## Try it:
What you return must match the records word for word, except that pictures are dropped.

## Input data:
════════
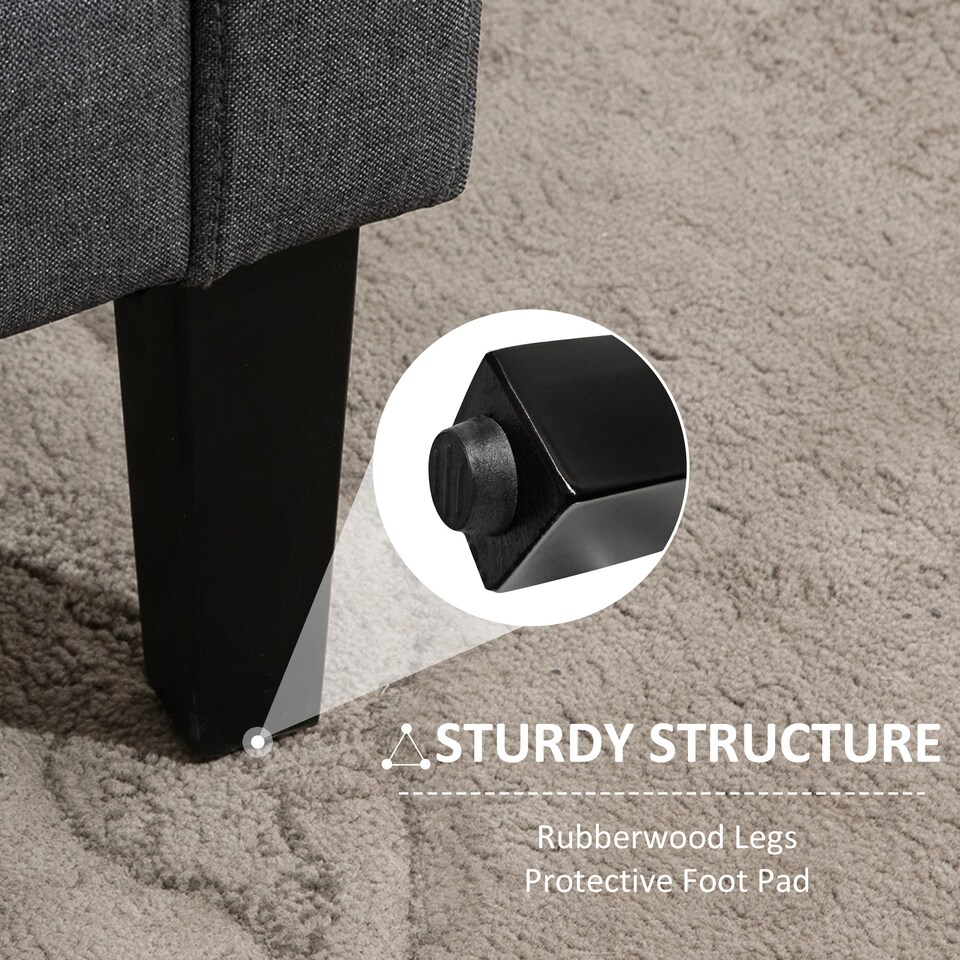 image 1 of HOMCOM 2 Seater Sofa, Small Comfy Sofa Couch with Rubber Wood Legs, Modern Upholstered Loveseat for Living Room, Bedroom, Charcoal Grey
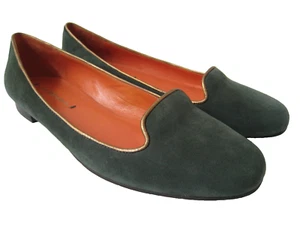 VIA SPIGA GREEN SUEDE LEATHER BALLET FLATS WOMEN US 6M HOT RARE FREE S/H - Picture 1 of 8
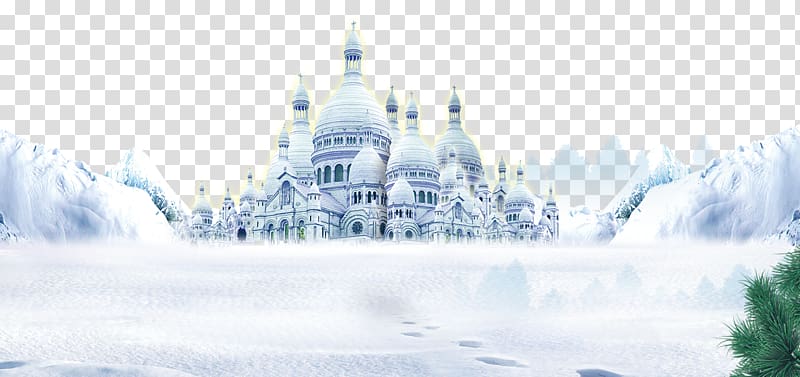 Snow fort Winter, White Castle transparent background PNG clipart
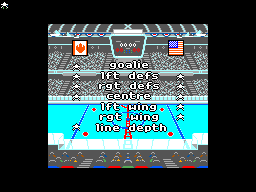 Championship Hockey (SEGA Master System) screenshot: Start of a new game, shows how good each player in the team is.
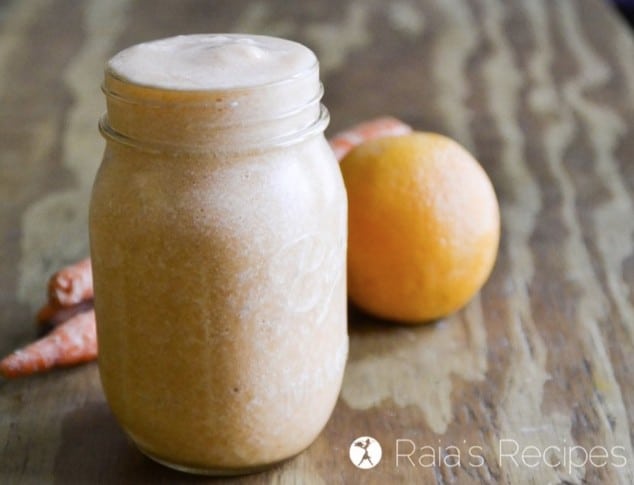 detox recipes - a mason jar filled with carrot orange smoothie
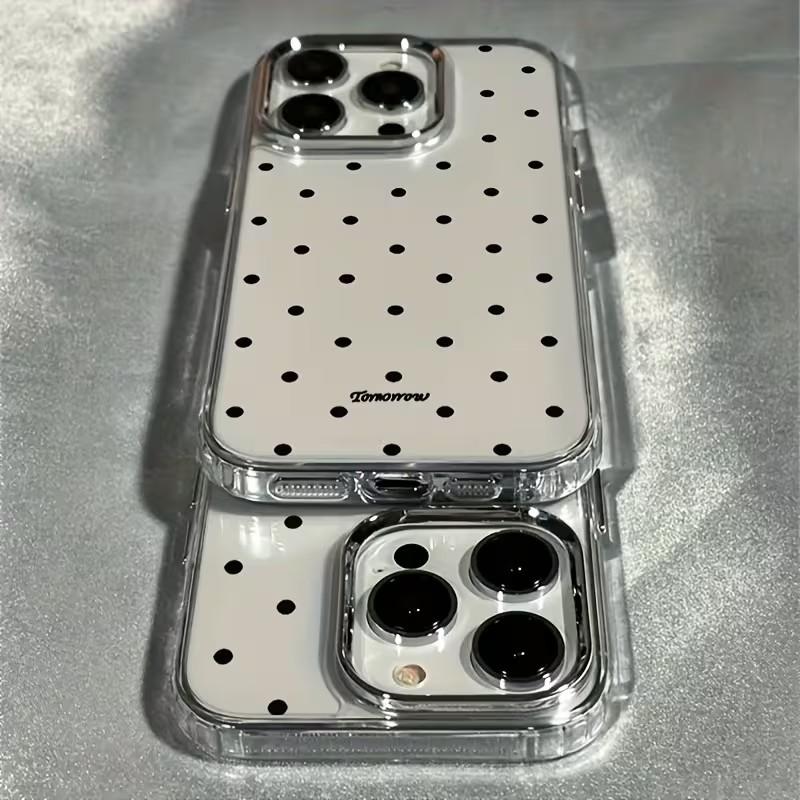 Schwarzes Polka-Dot-Muster Handyhülle Für IPhone 17 Air 16 Pro Max 15 14 Plus 13 12 11 X XS XR 7 8 16E SE2 Stoßfeste Rückseite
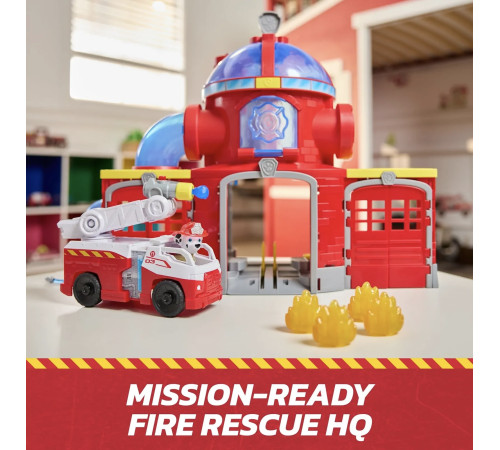 paw patrol 6073760 set de joacă „stația de pompieri a lui marshall. patrula cățelușilor”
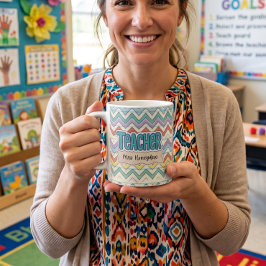 Schattige Aangepaste Leraren Retro Schoolpatroon Koffiemok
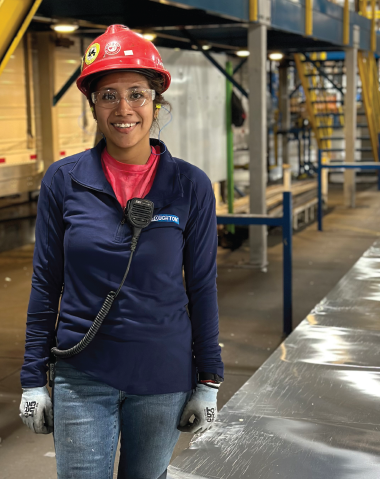 At the Stoughton Trailers’ Evansville plant, Raquel Cruz has progressed quickly and now she manages about a dozen workers who build refrigerated trailers.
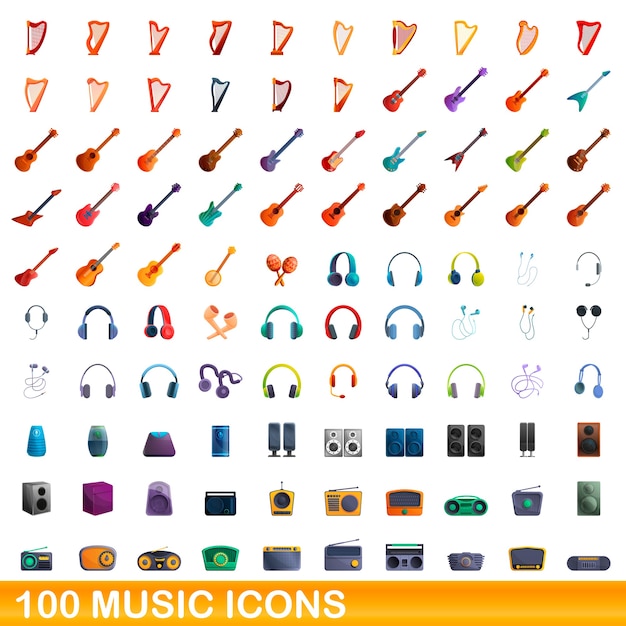 collection of music icons isolated on white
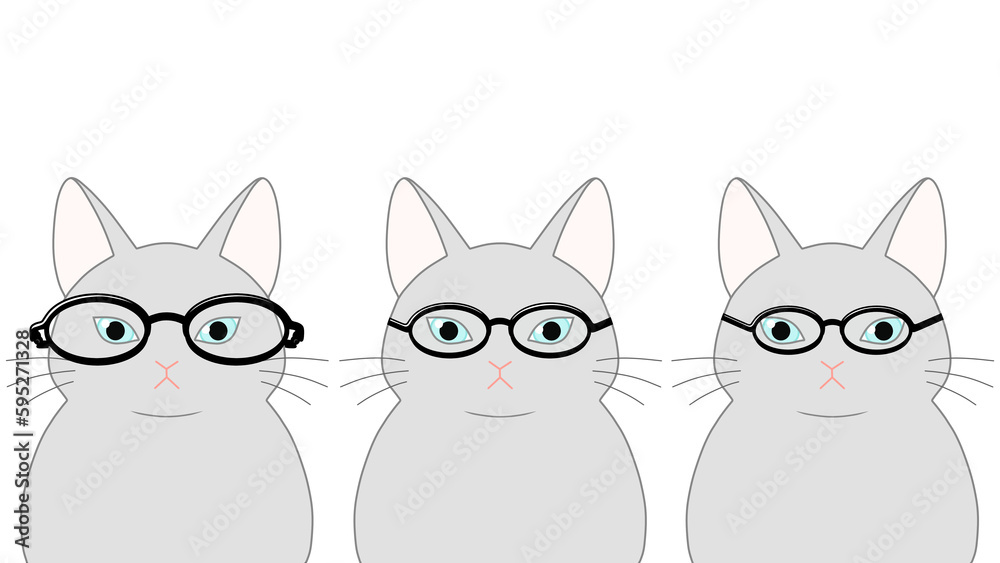 メガネをかけた３匹の灰色の猫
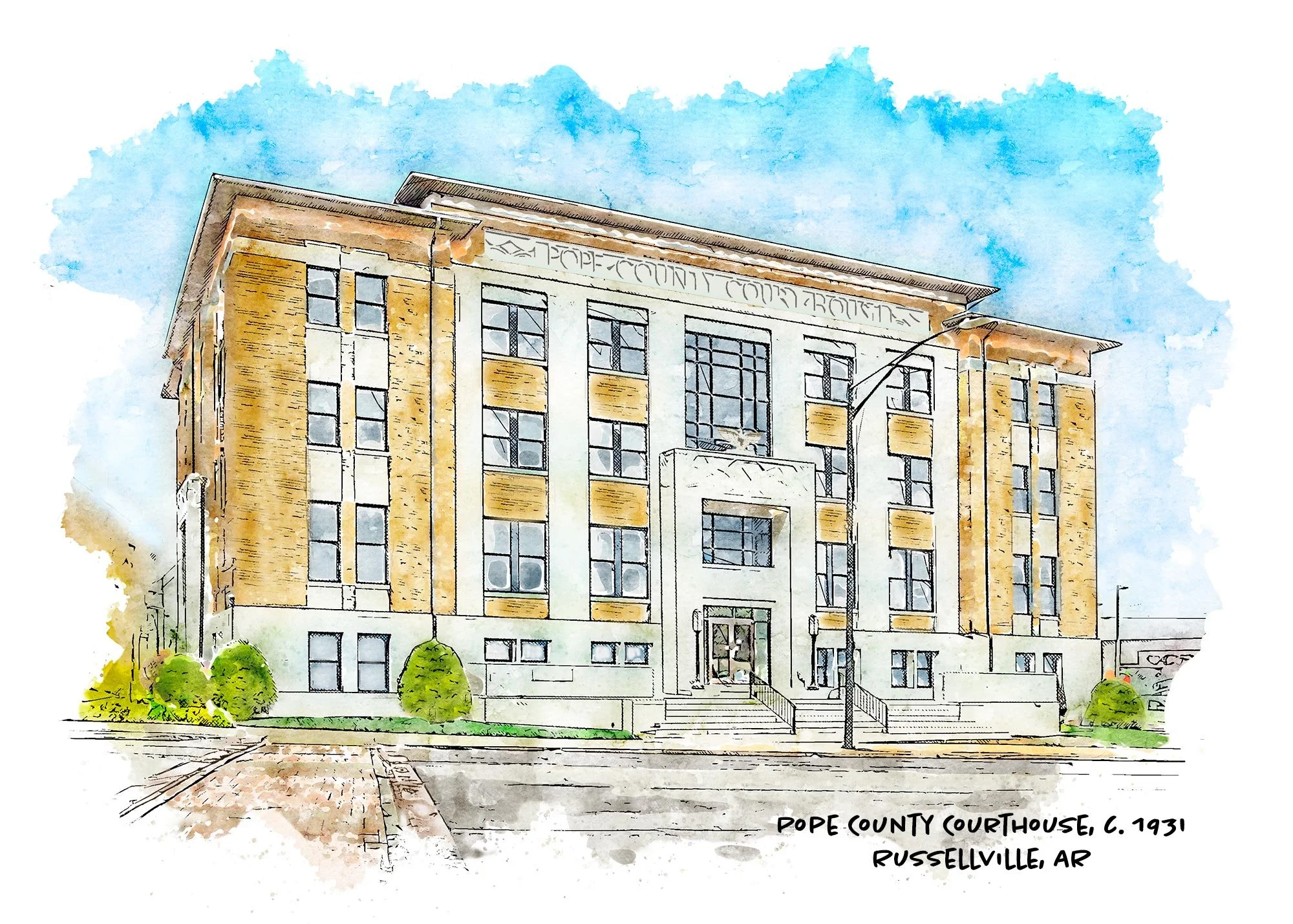 Pope County Courthouse, Russellville, Arkansas Art Print — She Studios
════════
## Exercise solution:
 image 1 of HOMCOM 2 Seater Sofa, Small Comfy Sofa Couch with Rubber Wood Legs, Modern Upholstered Loveseat for Living Room, Bedroom, Charcoal Grey
 VIA SPIGA GREEN SUEDE LEATHER BALLET FLATS WOMEN US 6M HOT RARE FREE S/H - Picture 1 of 8
 Snow fort Winter, White Castle transparent background PNG clipart
 Championship Hockey (SEGA Master System) screenshot: Start of a new game, shows how good each player in the team is.
 detox recipes - a mason jar filled with carrot orange smoothie
 Schwarzes Polka-Dot-Muster Handyhülle Für IPhone 17 Air 16 Pro Max 15 14 Plus 13 12 11 X XS XR 7 8 16E SE2 Stoßfeste Rückseite
 paw patrol 6073760 set de joacă „stația de pompieri a lui marshall. patrula cățelușilor”
 Schattige Aangepaste Leraren Retro Schoolpatroon Koffiemok
 At the Stoughton Trailers’ Evansville plant, Raquel Cruz has progressed quickly and now she manages about a dozen workers who build refrigerated trailers.
 collection of music icons isolated on white
 メガネをかけた３匹の灰色の猫
 Pope County Courthouse, Russellville, Arkansas Art Print — She Studios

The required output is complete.